St. Helier ist die Hauptstadt von Jersey, sie ist ein bisschen modernen als St. Peter´s Port und wird Jersey als Steuerparadies dadurch gerecht, dass es Straßenzüge gibt, in denen sich Bankhaus an Bankhaus reiht. Die Besuchermarina ist sehr gut ausgestattet, vielleicht nicht ganz so reizvoll wie auf Guernsey, aber zu Fuß nur 5 Minuten vom Zentrum entfernt. Darüber hinaus beherbergt sie gleich neben dem Harbour Master´s Office das „Maritime Museum", das man auf jeden Fall besuchen muss. Man wird selten ein Museum finden, das mit so viel Liebe zum Detail und zum Sujet ausgestattet wurde. Alles bewegt sich, kann ausprobiert werden, vieles darf man anfassen, es laufen Videos, es gibt Installationen und Sonderaustellungen – ein absolutes „Muss" für jeden Segler! Die andere große Sehenswürdigkeit in St. Helier ist Elisabeth Castle. Wobei es vielleicht gar nicht das Castle selbst ist, das den Besuch so unvergesslich macht, sondern die Art und Weise wie man dorthin kommt. Denn wer kann schon von sich behaupten jemals mit einem echten Amphibienfahrzeug gefahren zu sein? Aber genau so etwas ist die himmelblaue „Betty": ein Auto mit Schraube und Schwimmwesten unter den Sitzen, ein Boot mit 4 Rädern, das je nach Wasserstand entweder über den Sand fährt oder die Wellen durchpflügt. Wie auf Guernsey, so empfiehlt es sich auch auf Jersey, eine Busrundfahrt zu machen. Der Busbahnhof ist nur 5 Minuten von der Marina entfernt und es gibt sogar eigene Buslinien, die in gewohnter hop-on/hop-off Manier alle Sehenswürdigkeiten der Insel abklappert. So kann man die Landschaft bewundern und je nach Interesse noch das eine oder andere Museum, den Zoo oder eine prähistorische Ausgrabungsstätte besuchen.

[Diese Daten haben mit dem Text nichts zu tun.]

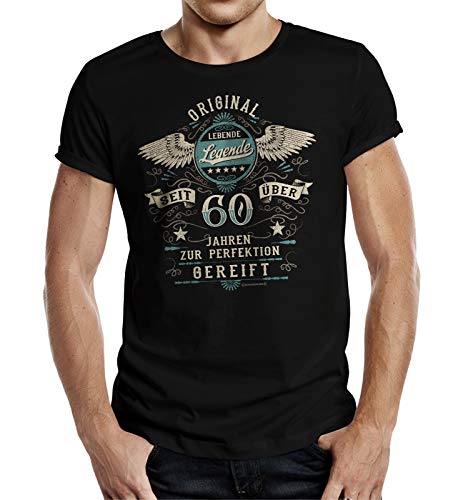 Herren Geschenk T-Shirt zum 60. Geburtstag - Lebende Legende L schwarz von RAHMENLOS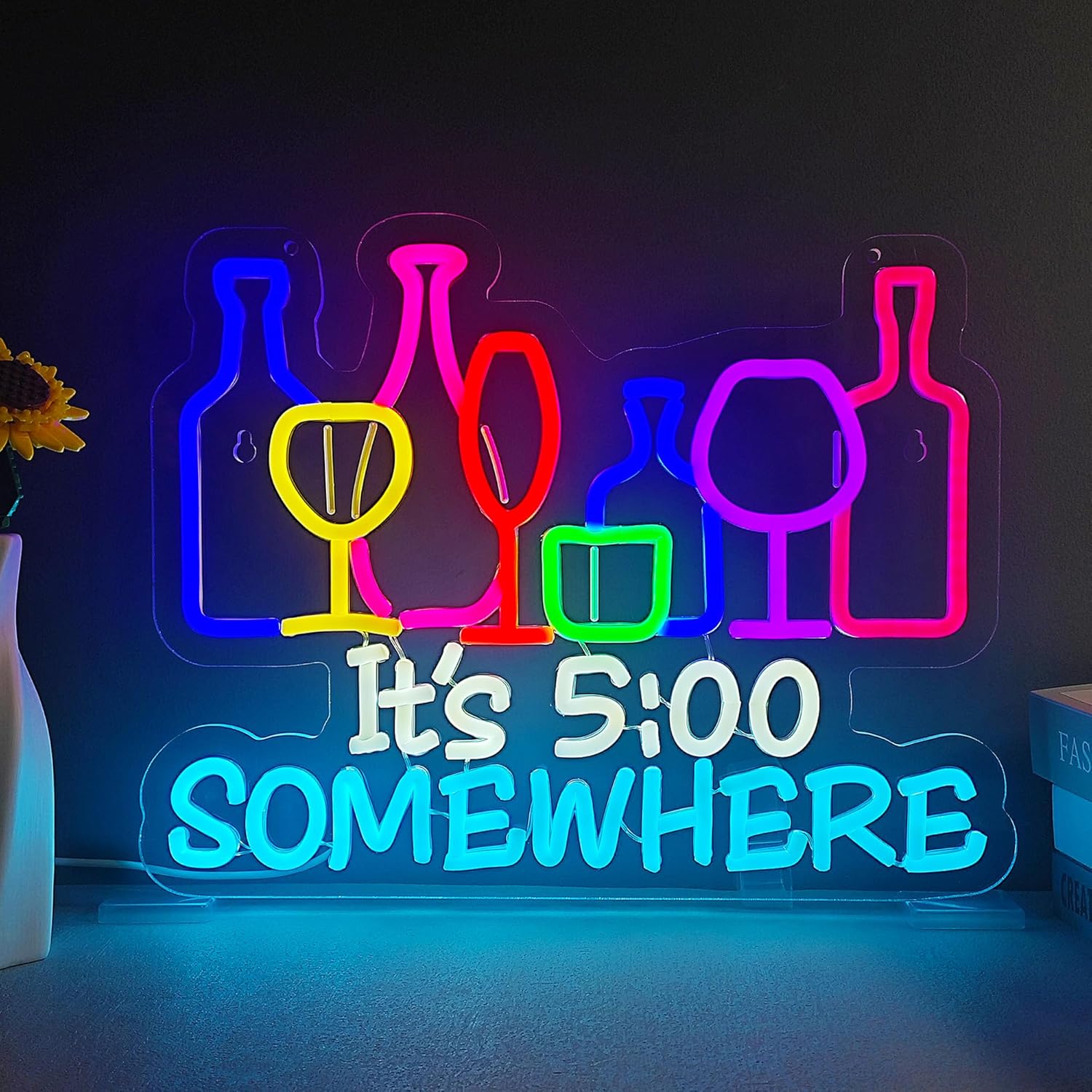 Wine Beer Photo - Het is 5 Uur Ergens Neonbord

Die letzte Etappe von 35 Seemeilen führt zurück nach Frankreich, nach St. Malo, wo der Törn endet. Vor der Abfahrt aus St. Helier sollte man noch die Gelegenheit nutzen und volltanken, denn auf Jersey kann man, wie auf allen Kanalinseln, mehrwertsteuerfrei tanken. St. Malo ist eine wunderschöne Stadt, die den Segler von der Seeseite her mit dem Anblick des historischen Stadtkerns hinter alten Festungsmauern und malerisch vorgelagerten Inseln begrüßt. Eine Besichtigung der Altstadt sollte man unbedingt einplanen, auch wenn der Weg von der Marina dorthin eine gute halbe Stunde Fußmarsch bedeutet, es lohnt sich. Ausklingen lassen kann man den Törn schließlich im Marinarestaurant mit Moules et Frites (Miesmuscheln und Pommes Frittes), einer bretonischen Spezialität, die überall an der Küste angeboten wird. Im Gespräch mit den Mitseglern lässt man dann bei einem Espresso oder einem kühlen Bier nochmals die vergangenen Tage auf dem Atlantik Revue passieren, währenddessen in der Bucht von St. Malo langsam die Sonne untergeht.
Andreas Hörweg
Miesmuscheln mit Pommes
„moules et frites“, „mussles with chips“; Miesmuscheln mit Pommes Frites. Typische Spezialität der Region, die man unbedingt probieren sollte.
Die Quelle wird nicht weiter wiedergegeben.